Curators sometimes choose to put items in proximity of each other for comparative value, though they might be shown in separate vitrines. The curators also accompany the objects with contextual information, such as explanatory text, commissioned videos, and photographs that show the item in situ. The exhibit designers also avoid stereotypical presentations such as dramatically dark galleries or fictional environments. With more year-round visitors on the National Mall, the museum extended its exhibits from two months to eight or more.
During the Walker years--the late '90s and early 2000s--the museum hosted shows on Egyptian contemporary art and Malagasy textiles. A 1997 gift from photographer Constance Stuart Larrabee led to an in-house and traveling exhibition. Walker organized a 1998 retrospective of Yoruba sculptor Olowe of Ise, a rare example of a single-person African art show. The exhibition's accompanying catalogue raisonne was the first such scholarly publication for a traditional African artist. The museum has also held solo exhibitions for artists including Sokari Douglas Camp (1989) and Yinka Shonibare (2010). Shows targeting children, such as "Playful Performers", drew crowds under Patton's directorship in the mid-2000s, as did "Treasures" shows from the museum's collection and artist visits. A 2004 show, "Insights", highlighted 30 works about Apartheid South Africa from its collection. In 2013, the museum received its largest gift, $1.8 million from Oman, towards a series that focuses on arts from the country and its links to cultures in the Near East.
The 2015 "Conversations: African and African-American Artworks in Dialogue", featuring works from the private collection of Bill and Camille Cosby, became controversial for mounting just as allegations of sexual assault against him became public. The museum's director had a long friendship with Cosbys, who also sat on the museum's advisory board. The exhibition was funded by a $716,000 donation from the Cosbys and had been planned to bring attention to the museum for its 50th anniversary. As the number of allegations increased, the museum created a sign that acknowledged the allegations and focused the exhibit on the artists and artworks, which remained on view. The Washington Post art and architecture critic Philip Kennicott wrote that the museum violated ethics and hurt its reputation by showing a private collection that had not been both pledged to the museum and displayed with outside works. Kennicott challenged whether the blue chip painters of Cosby's collection would have been "silenced" by ending the exhibition early.
Outreach
The museum prioritized education in its early, pre-Smithsonian years. Its founder referred to the institution as "an education department with a museum attached". The museum had an intimate atmosphere and emphasized programs that taught black cultural heritage. Many children from local schools attended the museum, which hosted exhibits including an exercise on "how to look at art" in comparing traditional African and modern art. Through the '90s, school groups took guided tours with trained docents. The new location on the National Mall increased the museum's unguided visits.
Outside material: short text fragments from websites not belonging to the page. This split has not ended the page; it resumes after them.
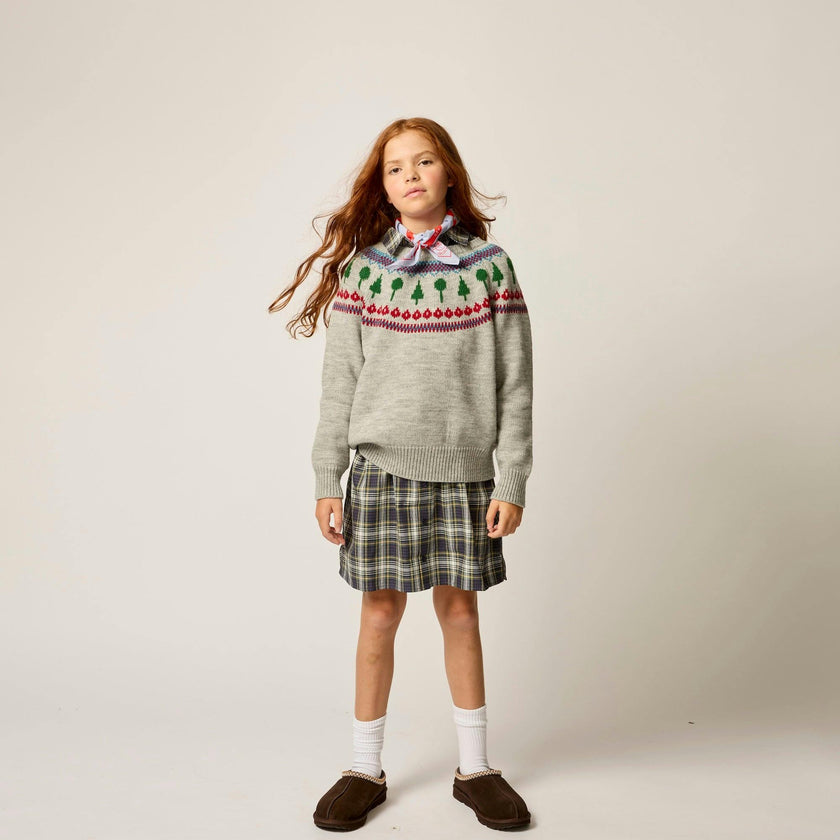 Recess Fair Isle Sweater in Heather Grey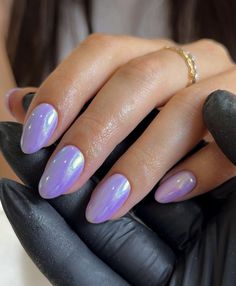 Lilac Nails Design, Ongles Gel Violet, Chrome Nail Designs, Purple Chrome Nails, Hoco Nails, Purple Glitter Nails, Chrome Nail Art, Lilac Nails, Purple Acrylic Nails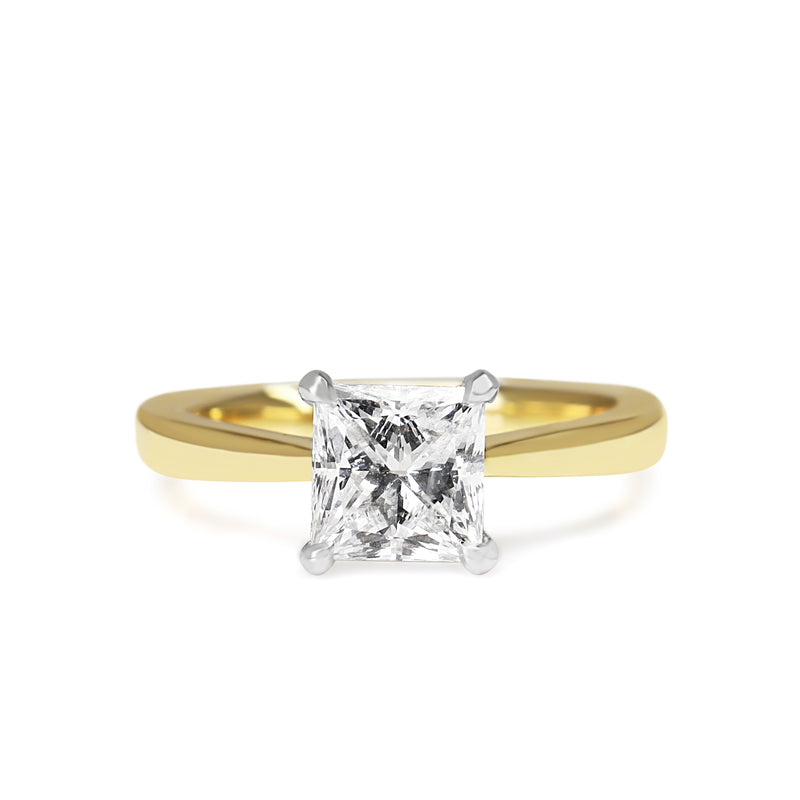 18ct Yellow and White Gold 1.52ct Princess Cut Diamond Solitaire Ring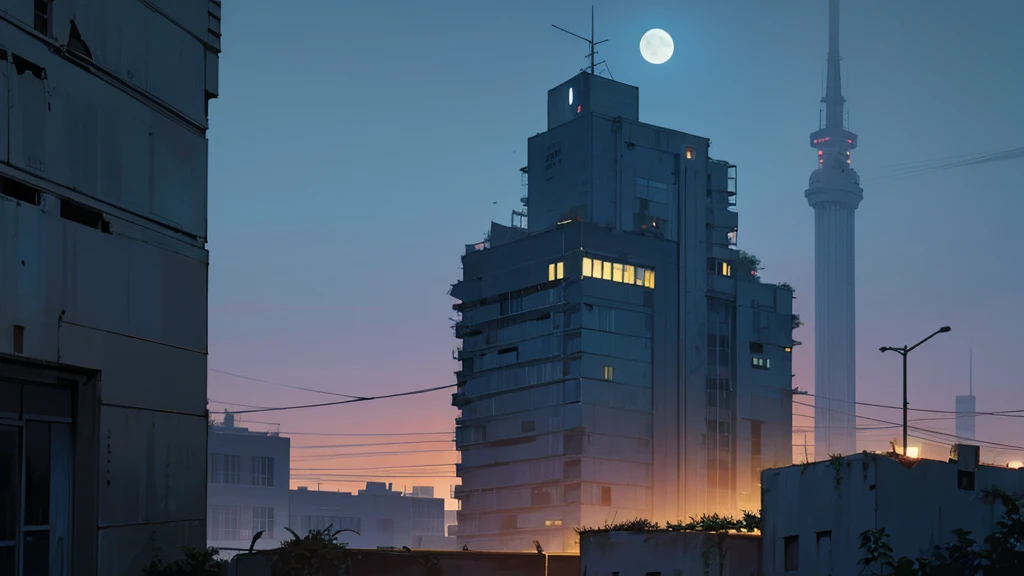 make the top of a building at night. in an abandoned city taken over by plants. the sky is clear and the moon is full.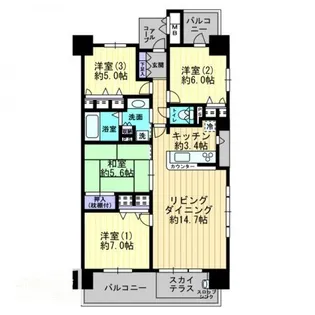 ロイヤルガーデン高松駅南【01007号室】の間取り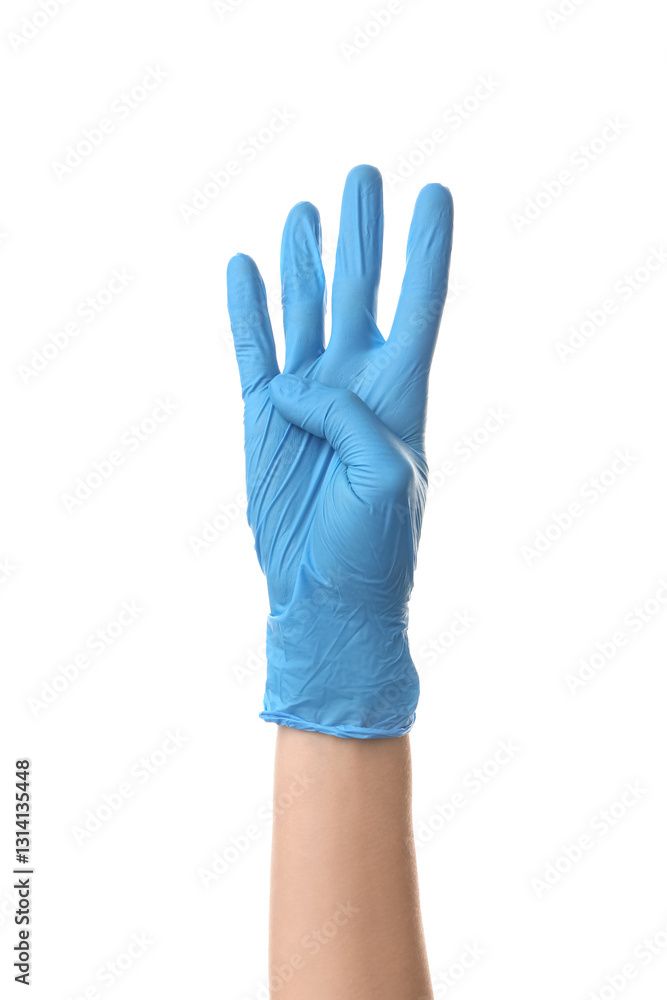 Female hand in medical glove showing four fingers on white background Female hand in medical glove showing four fingers on white background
In the early 1980s, the Smithsonian found that few of its 20 million annual visitors were of a racial minority despite the city's large black population, and created a committee to address the disparity. As the African art museum had not yet moved to the National Mall, it served a black constituency in a racially mixed neighborhood, with racially integrated staff and programming popular among local school groups with its regular films, folk stories, and lectures. The museum also offered workshops on African stripweave and talking drum. Patton, museum director in the mid-2000s, said that the museum was not well known in Washington, as only half of taxi drivers knew its location. Patton's tenure included shows targeted towards children. As a result, the museum briefly served more children than adults. Around this time, the museum held about 10 special events a year. The Washington Post wrote that the museum "struggled ... to attract visitors and donations" in 2016, which was exacerbated by the Cosby controversy.
Reception
At the National Mall building's opening, three New York Times reviewers criticized the architectural choices behind the building, namely its choice of materials and lack of natural light underground. Architecture critic Paul Goldberger considered the above-ground elements a "clunky ... pavilion of granite" whose elements were "woefully simplistic", unsubtle, and awkward compared to the Smithsonian castle in the distance. He had reserved praise for the complex's "clever" layout and the designer's maximized underground utility with minimal above-ground changes. Goldberger praised the building's craftsmanship, interiors, and responsive gallery spaces. The other reviewers, in turn, were unsettled to see works once associated with the outdoors instead displayed with no natural light, and feared the precedent for other museums, adding that the lack of light was unaccommodating to both viewers and the works. The museum's director, however, noted that natural light would add conservation issues for their wood sculptures. The museum felt restrained as part of the larger complex, and lacking in "flair".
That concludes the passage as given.